Orianna opened in April, south of Hughesdale station in a sleepy little strip. The 22-seat cafe is in a modern shop with apartments above. If I lived here, I’d be running a tab, coming in the morning for well-made espresso and rice balls, mid-morning for matcha strawberry cake, and back at lunch (and two nights a week), alternating between Japanese comfort food and sushi.
Liem was born in Indonesia, but he’s cooked Japanese food for 25 years, including a period training in Tokyo in the early noughts. More recently, he was in charge of the omakase and kaiseki (seasonal set menu) offerings at South Melbourne’s hatted Komeyui.
He’s still consulting at new city restaurant Sushi Sho, too, where dinner costs $268. The chef’s selection at Orianna is just $38. Granted, it’s not as lavish, and the nine pieces of seafood-on-rice are presented all at once on a platter, rather than bite-by-bite as with traditional omakase, but the careful sourcing and the skill behind each mouthful is on par. It’s outstanding.

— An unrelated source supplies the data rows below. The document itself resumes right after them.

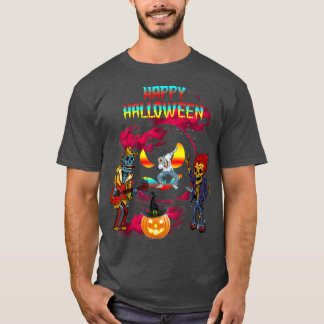Zombies Dabbing Pumpkin Ghost Horror Happy Hallowe T-Shirt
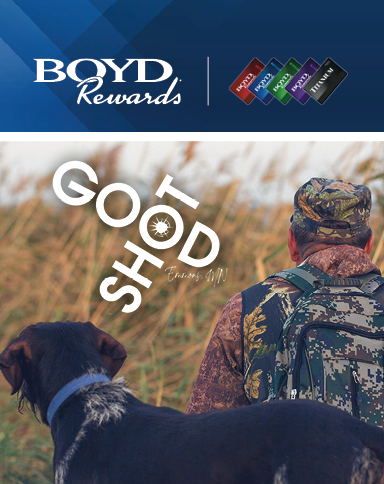 Boyd Rewards - Good Shots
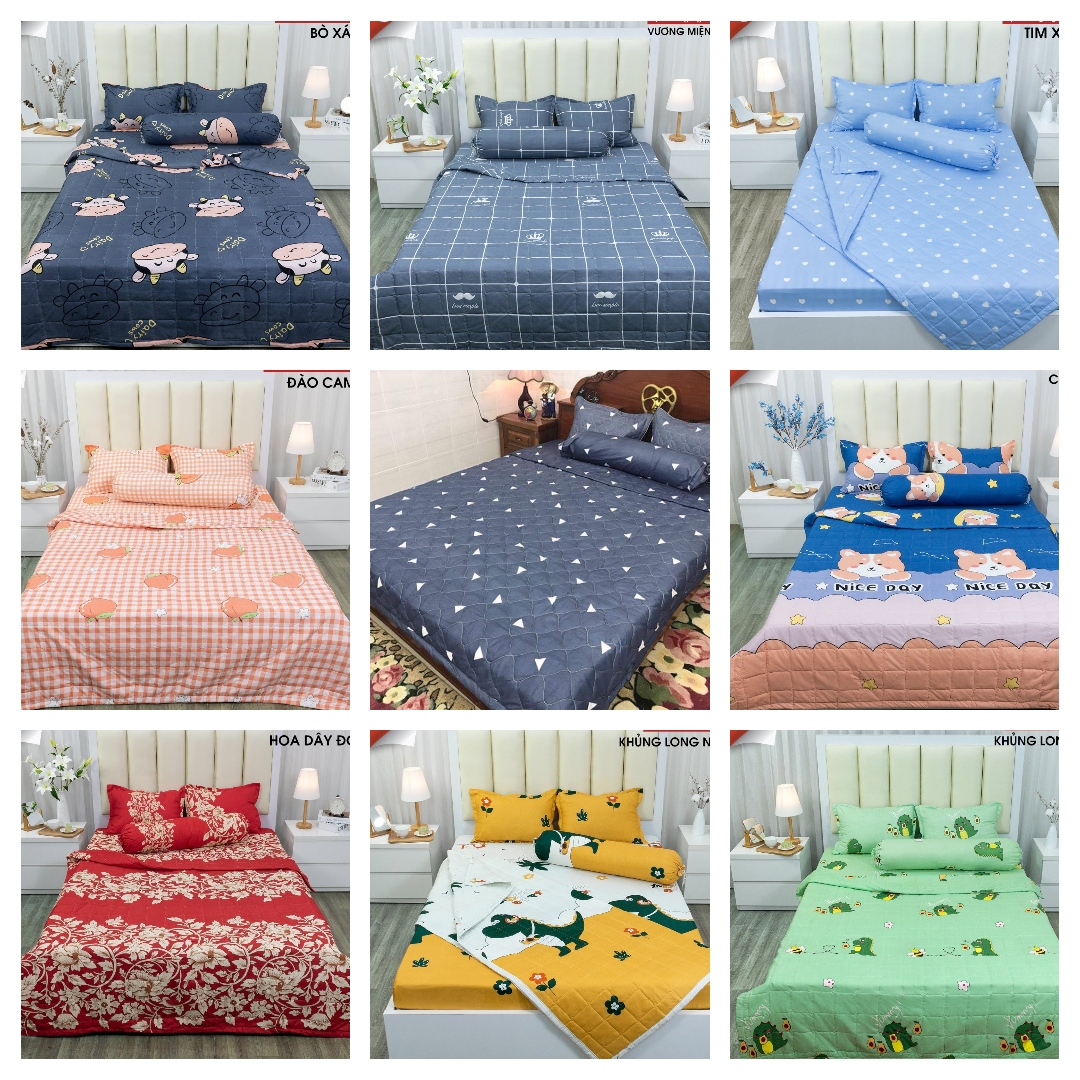 Ga Trải Giường Cotton poly  1m 1m2 1m4 1m5 1m6[cờ mỹ]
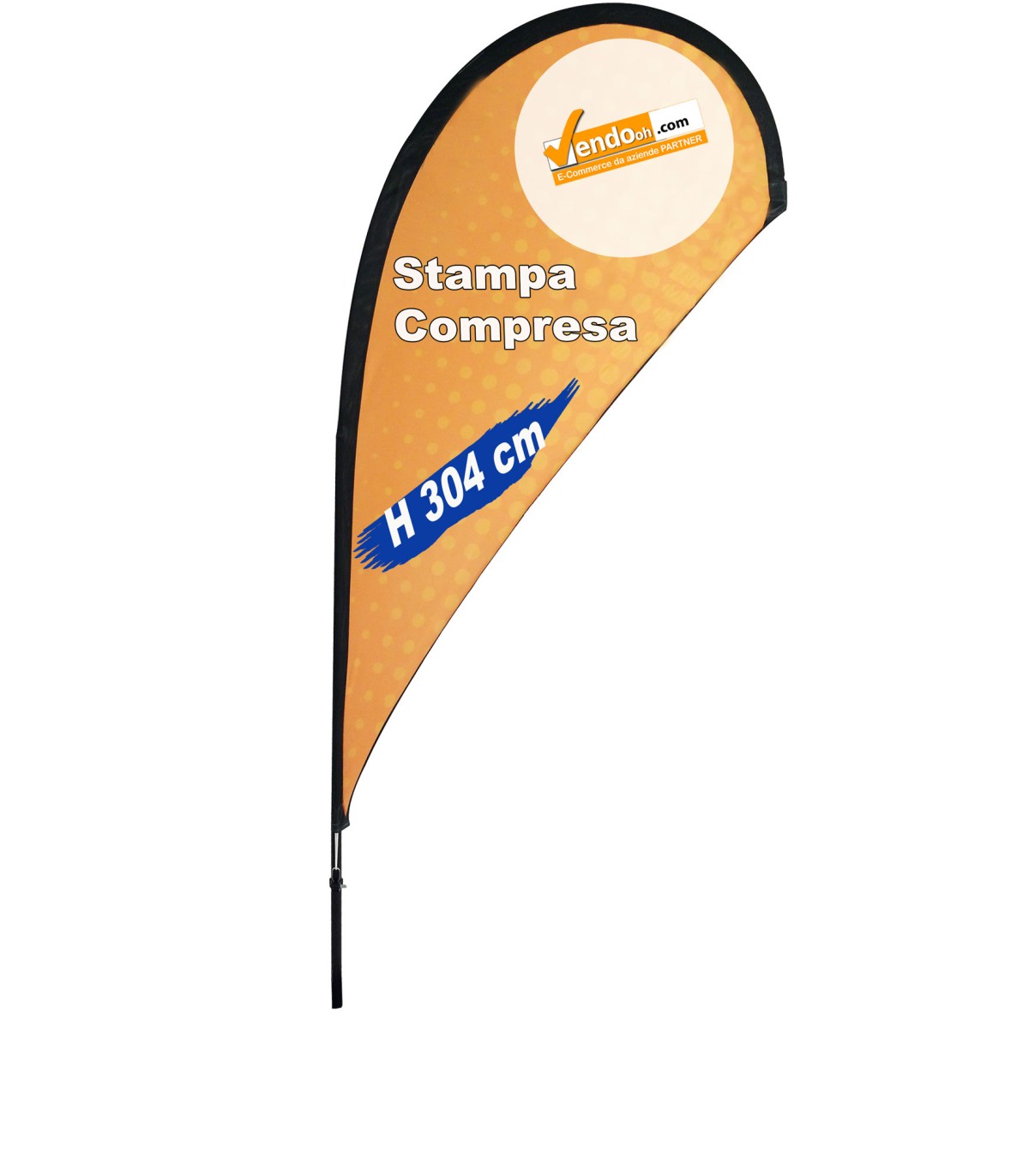 ESPOSITORE A BANDIERA DA ESTERNO INTERNO ANCHE BASE PER AUTO NEVE E PICCHETTO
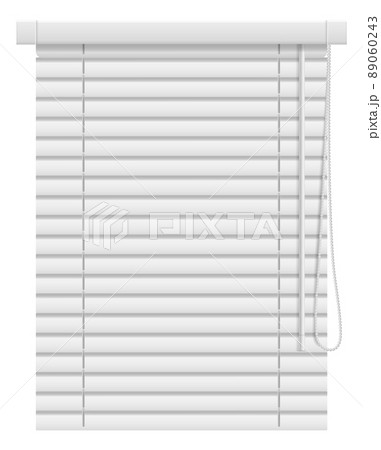 Venetian sun shades. White window covering mockup Venetian sun shades. White window covering mockup 89060243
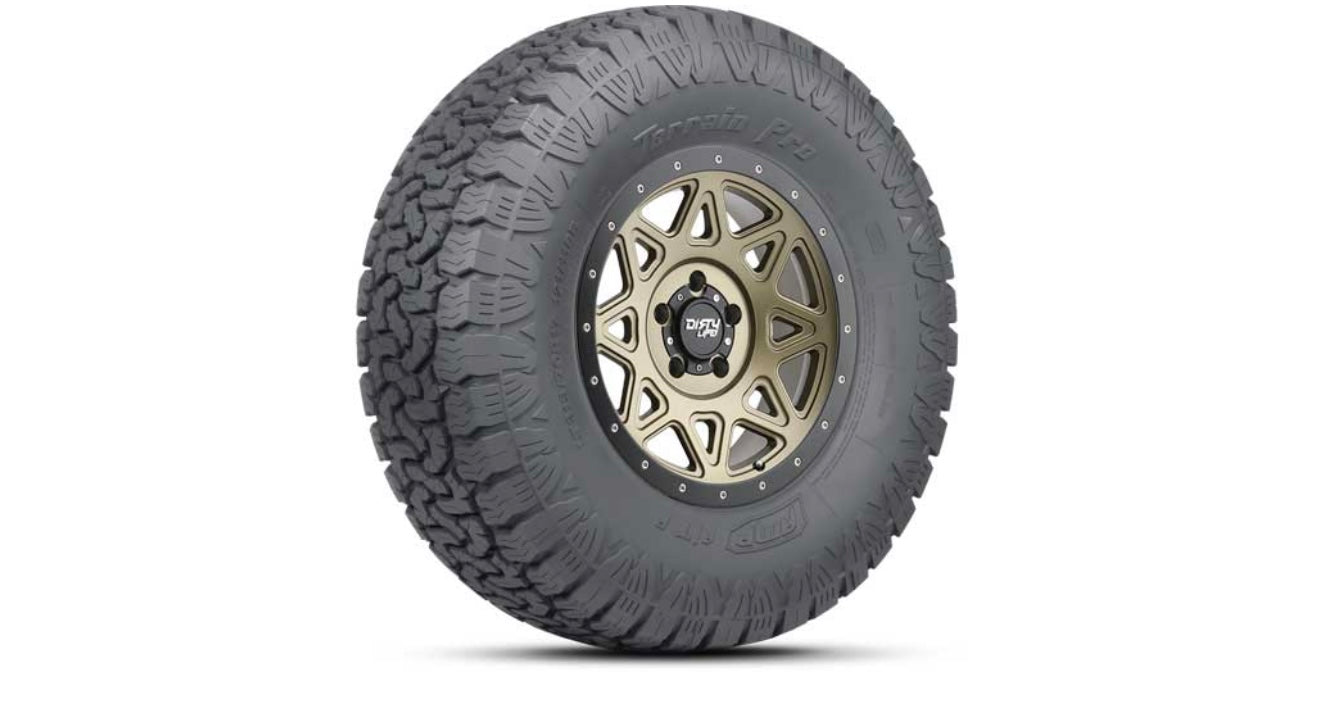 Amp Tires 35x12.50 R20 Terrain Pro A/T P 121 S Lr E - All-Terrain Truck Tire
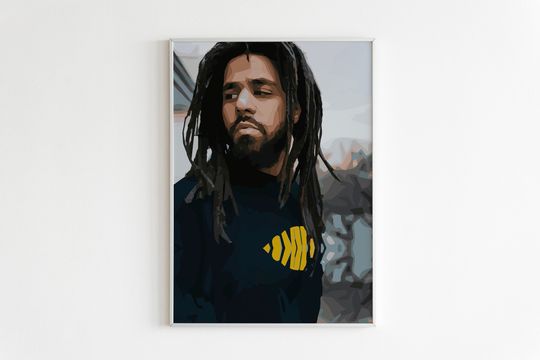 Discover J Cole Wall Decor Print Art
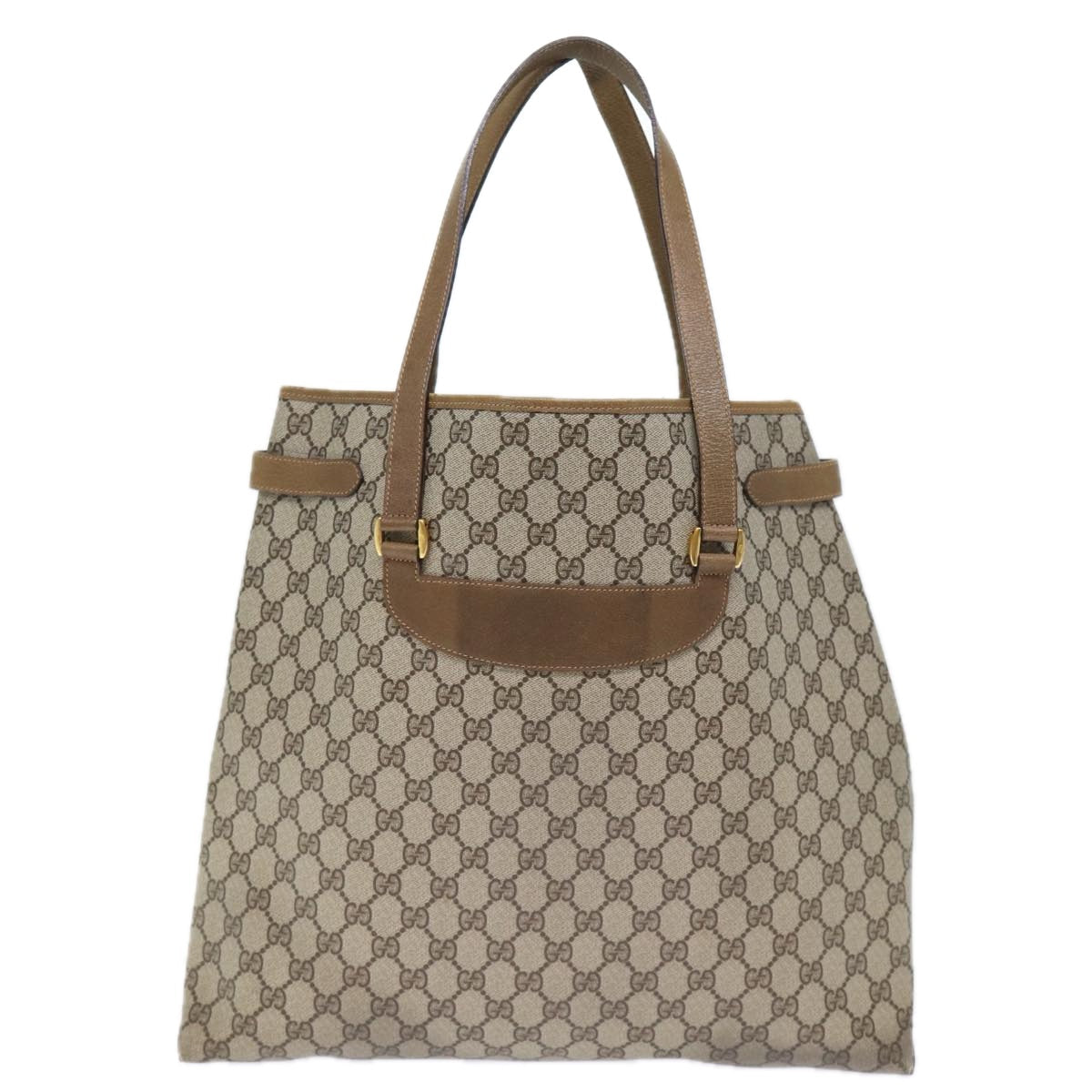 GUCCI GG Canvas Tote Bag PVC Beige 72966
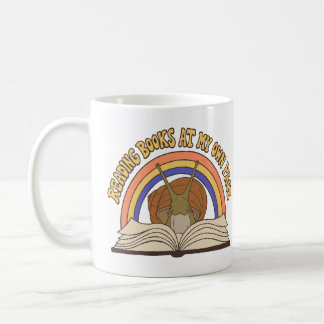 Retro Snigel Läs böcker Kaffemugg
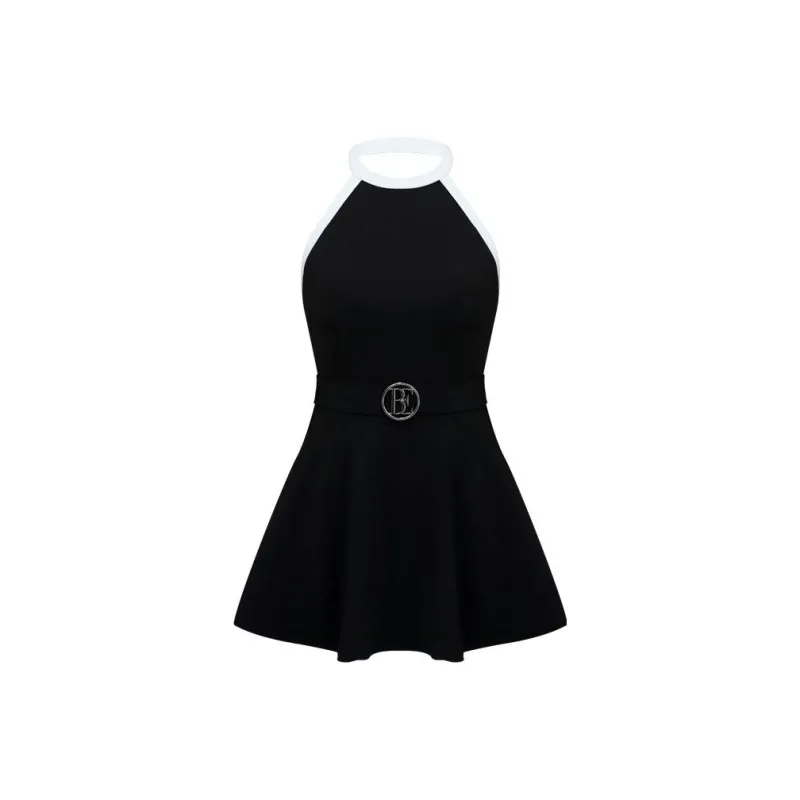 BALNEAIRE Little Black Dress Swim Dresses & Skirts Women's Elegant Black-0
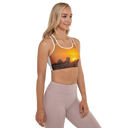 El Chapo Sunset Brunch WHT Padded Sports Bra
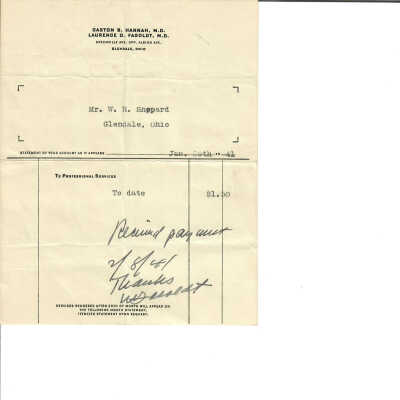 Receipts for Medical Care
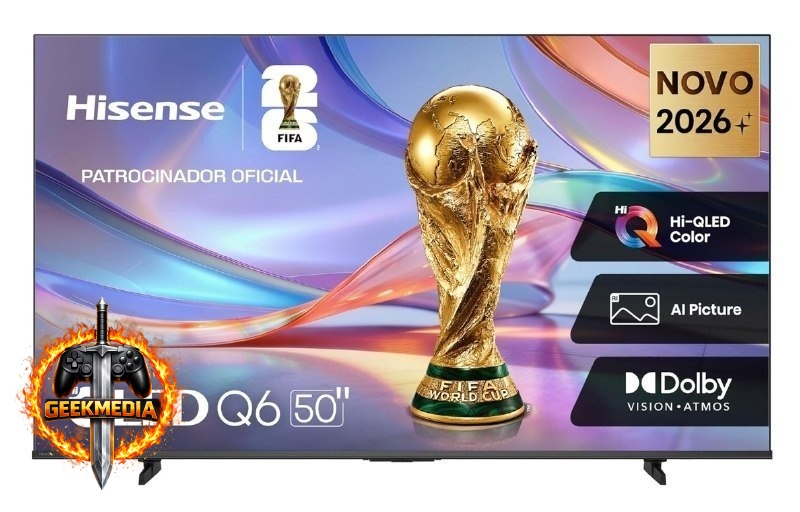 Smart TV Hisense 50" QLED 4K 50Q6QVV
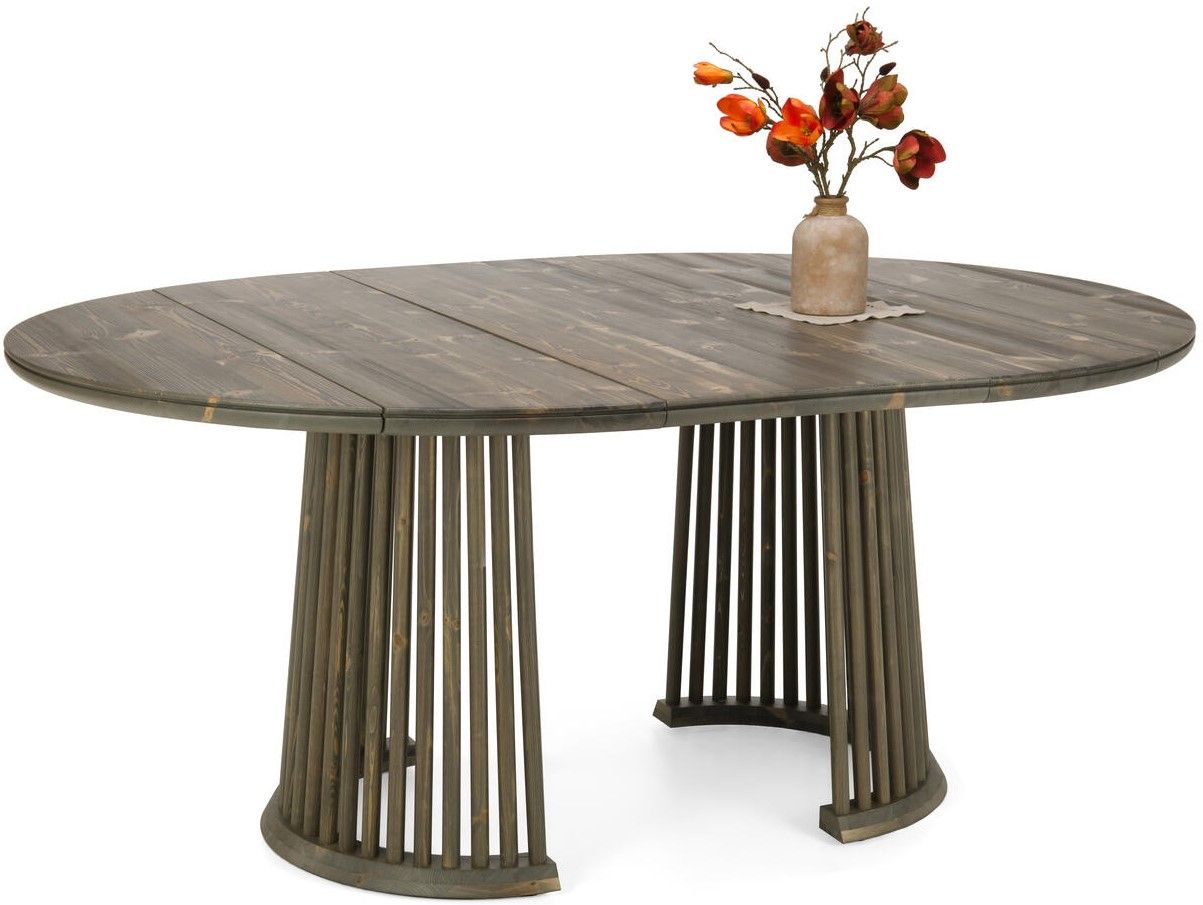 Elina pyöreä ruokapöytä 130cm, harmaa
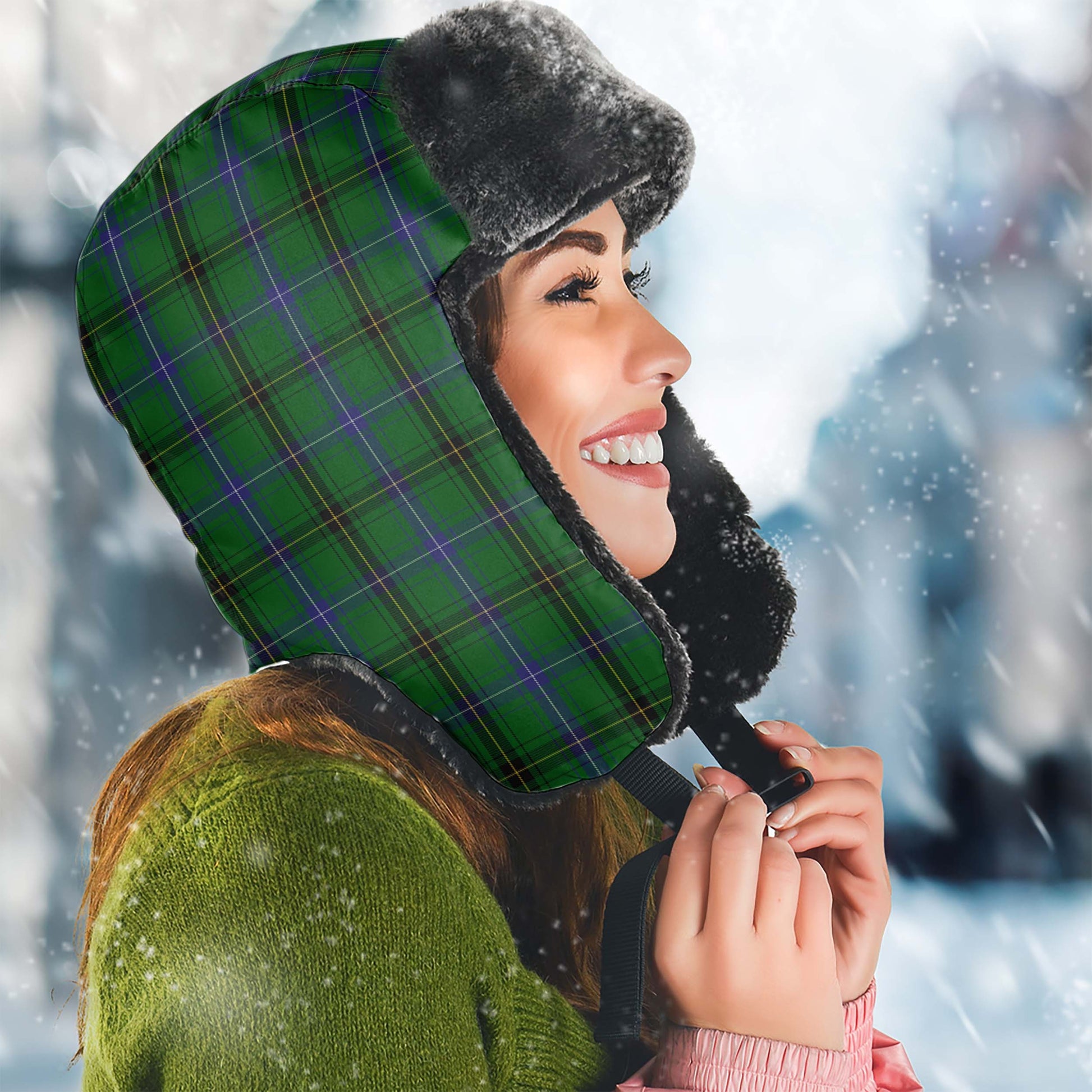 MacKendrick (McKendrick) Tartan Winter Trapper Hat - Tartan Vibes Clothing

You might get kingfish that has been wrapped in kombu for a day to infuse it with umami, beautifully cut and topped with lightly cooked, salted spring onion. Simultaneously delicate and intense, it’s draped over perfectly seasoned rice, every grain plump and distinct.
Salmon is brushed with nikiri, a bonito-infused soy sauce that adds dimension. Prawn is daubed with buttered soy that’s then torched, boosting seafood sweetness with smoky wonder. Scallop is expertly cut, fanned out and paired with a little foie gras. The combination of shellfish and liver dates to the chef’s time at Komeyui. I remember eating a steamed oyster there in 2022. It was daubed in foie gras butter, demure and luxurious in a mouthful: there’s the same finesse here.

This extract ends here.